WORK ITEM: Looking through the material below, say how many lines contain the string "Fish" and add nothing more.

[[ INFORMATION PROVIDED, beginning ]]

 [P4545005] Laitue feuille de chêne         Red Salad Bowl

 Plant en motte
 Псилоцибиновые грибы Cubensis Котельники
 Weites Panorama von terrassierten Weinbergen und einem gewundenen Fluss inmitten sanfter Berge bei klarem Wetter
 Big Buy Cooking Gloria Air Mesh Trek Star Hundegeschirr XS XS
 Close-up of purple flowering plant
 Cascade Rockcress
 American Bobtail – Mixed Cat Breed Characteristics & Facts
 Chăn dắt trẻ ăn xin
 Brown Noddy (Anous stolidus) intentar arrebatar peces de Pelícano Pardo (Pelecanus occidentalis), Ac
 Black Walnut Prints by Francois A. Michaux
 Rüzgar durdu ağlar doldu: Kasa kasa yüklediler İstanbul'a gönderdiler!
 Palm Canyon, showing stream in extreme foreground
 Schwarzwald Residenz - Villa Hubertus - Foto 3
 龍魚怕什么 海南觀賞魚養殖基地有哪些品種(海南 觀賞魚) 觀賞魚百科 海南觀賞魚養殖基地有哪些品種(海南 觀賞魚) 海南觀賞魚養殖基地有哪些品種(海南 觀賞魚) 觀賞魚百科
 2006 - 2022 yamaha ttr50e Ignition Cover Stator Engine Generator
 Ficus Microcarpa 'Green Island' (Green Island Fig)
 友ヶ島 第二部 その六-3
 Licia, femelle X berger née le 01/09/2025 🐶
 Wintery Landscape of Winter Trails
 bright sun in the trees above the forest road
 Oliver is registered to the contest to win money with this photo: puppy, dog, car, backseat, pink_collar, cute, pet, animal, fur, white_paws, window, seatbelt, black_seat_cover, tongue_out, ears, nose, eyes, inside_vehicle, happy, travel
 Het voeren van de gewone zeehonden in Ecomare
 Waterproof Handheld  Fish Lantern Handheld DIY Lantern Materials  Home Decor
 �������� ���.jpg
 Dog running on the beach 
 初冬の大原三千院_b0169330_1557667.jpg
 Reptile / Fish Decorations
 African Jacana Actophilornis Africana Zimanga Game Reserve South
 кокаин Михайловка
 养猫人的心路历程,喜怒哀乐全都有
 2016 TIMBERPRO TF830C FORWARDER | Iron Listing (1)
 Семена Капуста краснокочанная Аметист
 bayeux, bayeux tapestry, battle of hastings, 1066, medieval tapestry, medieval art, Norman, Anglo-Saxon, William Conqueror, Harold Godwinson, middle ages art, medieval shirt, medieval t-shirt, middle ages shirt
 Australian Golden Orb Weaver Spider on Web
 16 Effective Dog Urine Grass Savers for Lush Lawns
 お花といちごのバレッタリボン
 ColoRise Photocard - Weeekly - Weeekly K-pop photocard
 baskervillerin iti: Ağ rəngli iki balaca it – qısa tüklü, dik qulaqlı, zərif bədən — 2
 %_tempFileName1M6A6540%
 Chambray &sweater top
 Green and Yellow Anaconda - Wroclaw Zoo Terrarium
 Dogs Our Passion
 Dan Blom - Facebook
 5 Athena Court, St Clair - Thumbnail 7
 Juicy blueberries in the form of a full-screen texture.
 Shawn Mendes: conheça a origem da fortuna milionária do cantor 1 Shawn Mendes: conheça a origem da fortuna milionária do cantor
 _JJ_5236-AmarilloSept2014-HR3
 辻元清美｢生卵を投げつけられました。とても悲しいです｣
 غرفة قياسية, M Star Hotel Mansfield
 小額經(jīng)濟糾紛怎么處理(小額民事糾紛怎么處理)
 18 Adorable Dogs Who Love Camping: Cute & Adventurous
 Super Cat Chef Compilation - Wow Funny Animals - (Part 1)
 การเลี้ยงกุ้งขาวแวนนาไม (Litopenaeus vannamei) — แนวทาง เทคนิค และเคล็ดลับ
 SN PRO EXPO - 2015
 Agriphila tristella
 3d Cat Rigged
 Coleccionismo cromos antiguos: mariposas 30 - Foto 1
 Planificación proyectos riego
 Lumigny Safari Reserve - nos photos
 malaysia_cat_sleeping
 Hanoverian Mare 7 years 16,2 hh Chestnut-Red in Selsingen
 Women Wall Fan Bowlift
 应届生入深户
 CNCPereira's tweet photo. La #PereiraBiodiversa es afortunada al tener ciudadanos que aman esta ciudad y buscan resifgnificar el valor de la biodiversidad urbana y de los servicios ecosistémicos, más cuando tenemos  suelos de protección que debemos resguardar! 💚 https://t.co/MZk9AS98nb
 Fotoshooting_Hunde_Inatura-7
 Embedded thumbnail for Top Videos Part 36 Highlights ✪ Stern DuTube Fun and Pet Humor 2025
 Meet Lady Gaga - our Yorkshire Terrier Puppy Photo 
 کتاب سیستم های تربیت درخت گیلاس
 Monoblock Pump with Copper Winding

[[ INFORMATION PROVIDED, end ]]

SOLUTION TO THIS EXERCISE: 2